The Lonely Villa | |
Director: | D. W. Griffith |
Starring: | David Miles |
Cinematography: | G. W. Bitzer Arthur Marvin |
Distributor: | Biograph Company |
Runtime: | 12 minutes |
Country: | United States |
Language: | Silent (English intertitles) |
The Lonely Villa is a 1909 American short silent crime drama film directed by D. W. Griffith. The film stars David Miles, Marion Leonard and Mary Pickford in one of her first film roles. It is based on the 1901 French play Au Téléphone (At the Telephone) by André de Lorde.[1] A print of The Lonely Villa survives and is currently in the public domain.[2] The Lonely Villa was produced by the Biograph Company and shot in Fort Lee, New Jersey.[3] [4] It was released on June 10, 1909, along with another D.W. Griffith split-reel film, A New Trick.[2]
A group of criminals wait until a wealthy man leaves to break into his house and threaten his wife and daughters.

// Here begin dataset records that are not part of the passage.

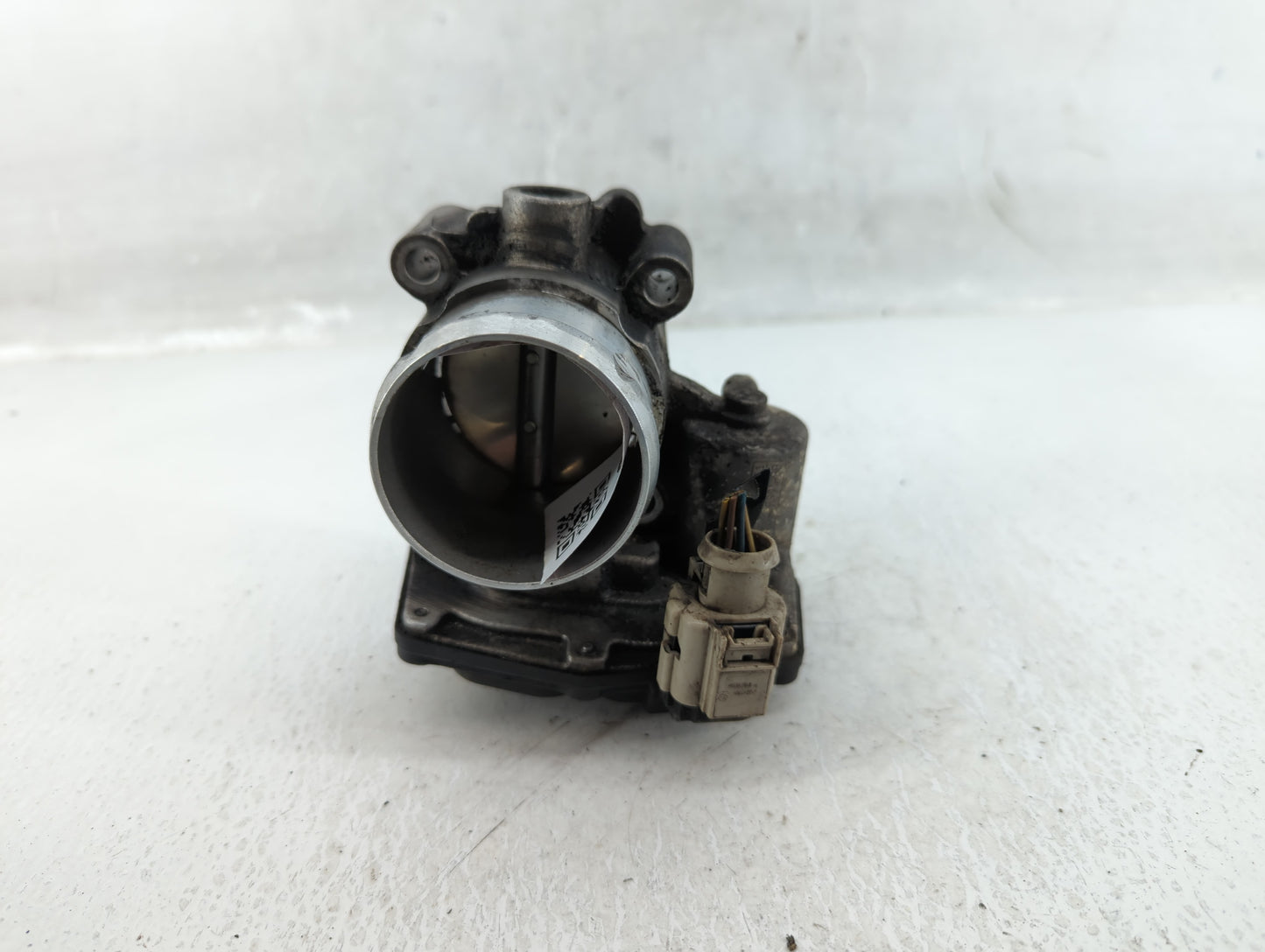 2014-2020 Ford Fusion Throttle Body P/N:DS7G-9F991-BB Fits Fits 2014 2015 2016 2017 2018 2019 2020 OEM Used Auto Parts - Oem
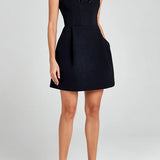 Cindy | Feminines Mini-Kleid mit Blumenapplikationen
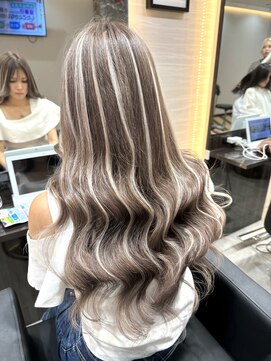 ラピス 大阪アメ村店(Lapis) エクステで簡単ハイライトエクステ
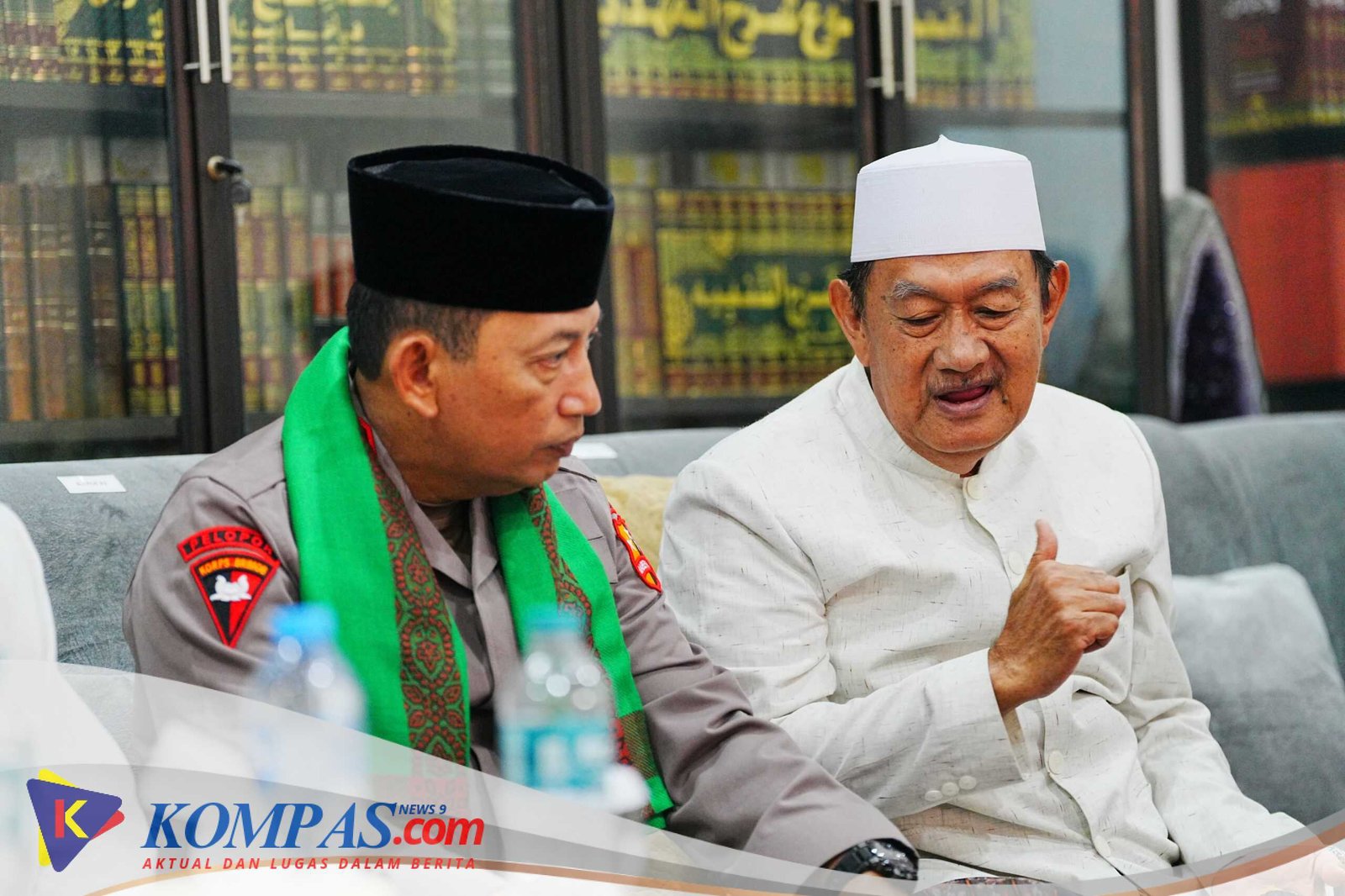 Kapolri Temui Gus Ubed di Ponpes Langitan Jatim, Jaga Silaturahmi dengan Ulama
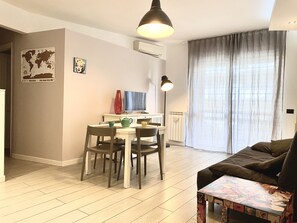 TV - Cinecittàoneapartment (Roma)
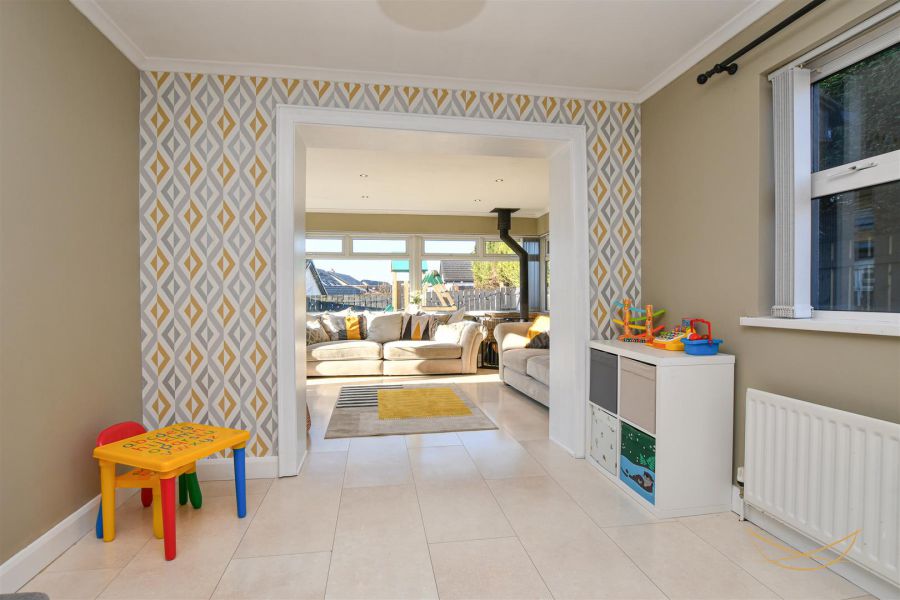 97 Huntingdale Grange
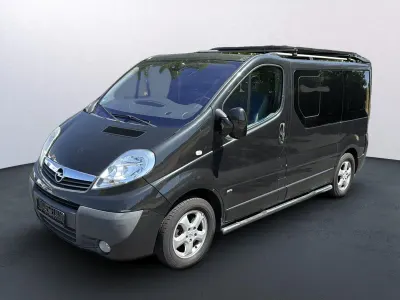 Gebraucht Opel Vivaro 145 PS (106 kW) 2011 Schwarz Van / Kleinbus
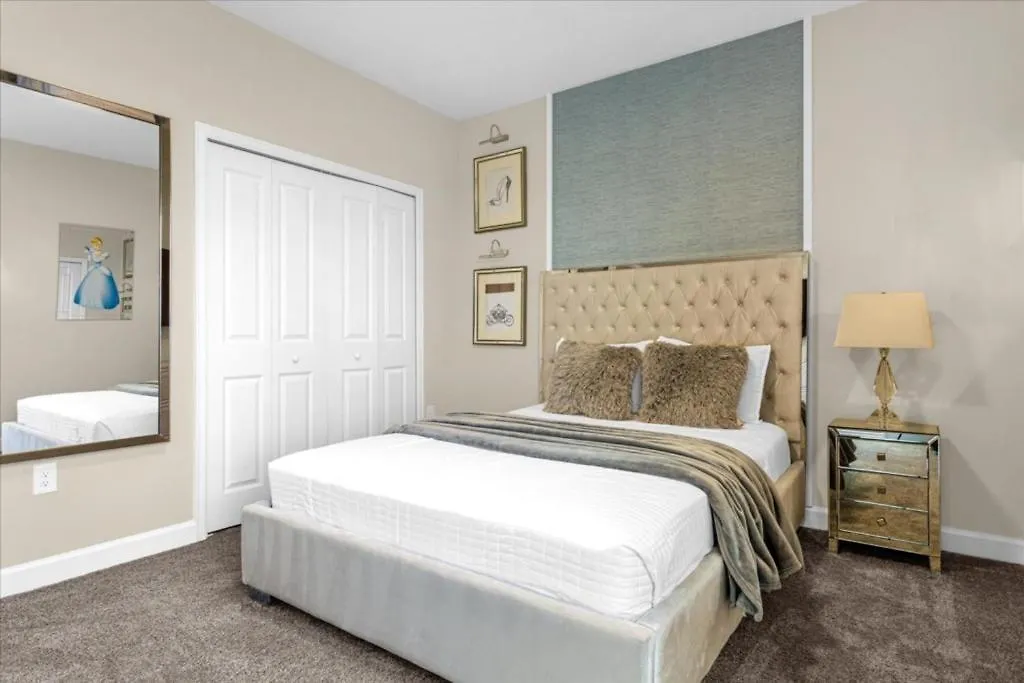 6 Bedrooms- 5 Bathrooms- Champions 1097 Ls 度假居 *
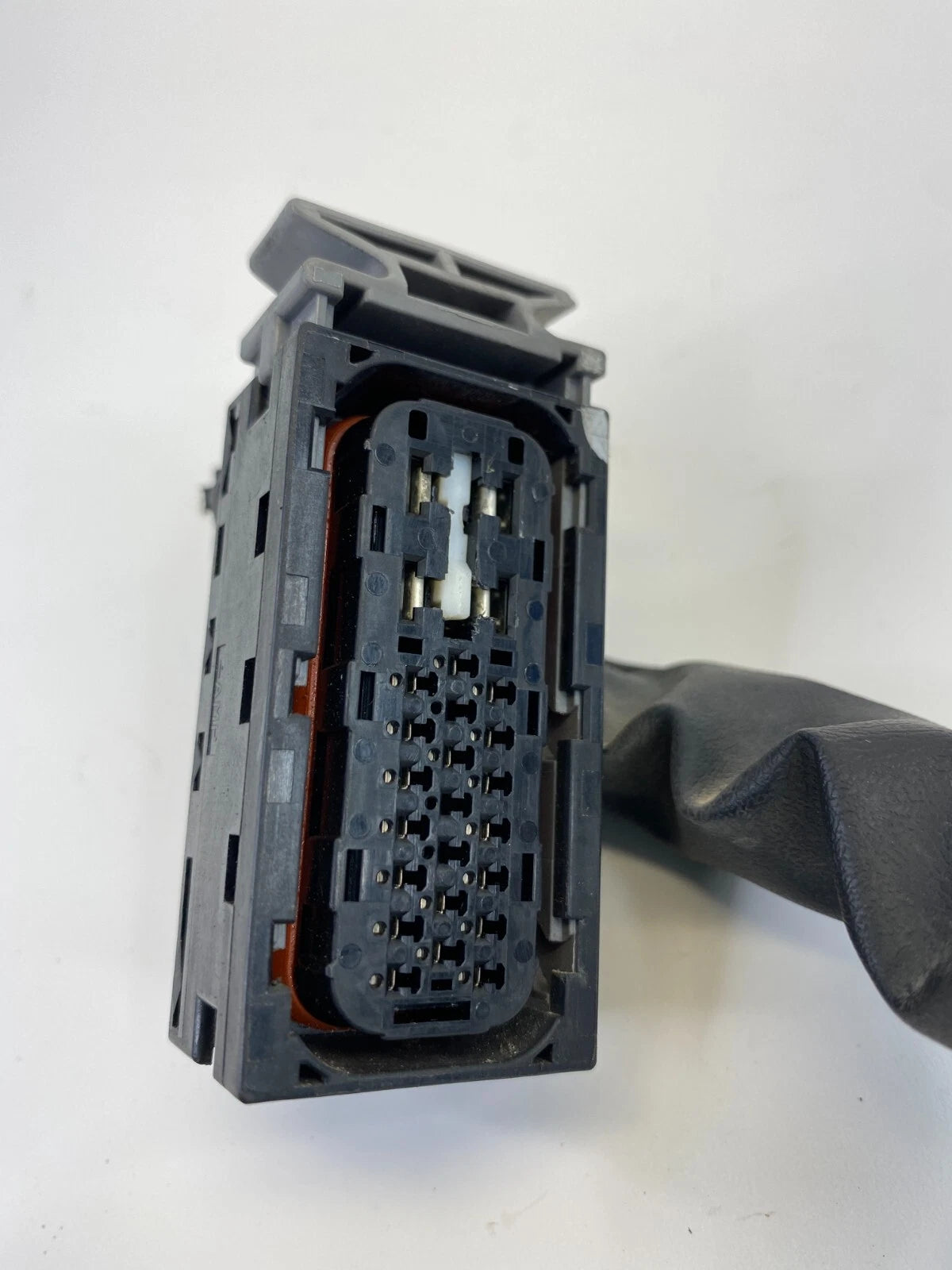2004-2006 HYUNDAI ELANTRA 2.0L ABS ANTI LOCK BRAKE PUMP RELAY PLUG CONNECTOR OEM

The wife and daughters take refuge inside one of the rooms, but the thieves break in. The father finds out what is happening and runs back home to try to save his family.
The Lonely Villa is notable for one of the earliest applications of “cross-cutting in a peril-and-rescue sequence”, a cinematic method used to create suspense.
The film, 12-minutes in duration, includes a series of alternating shots depicting the mother desperately defending her children from intruders, with shots of the frantic father driving at high speed to reach his imperiled family. Griffith, by incrementally shortening the length of each cross-cut “heightened the excitement” of the event.[5]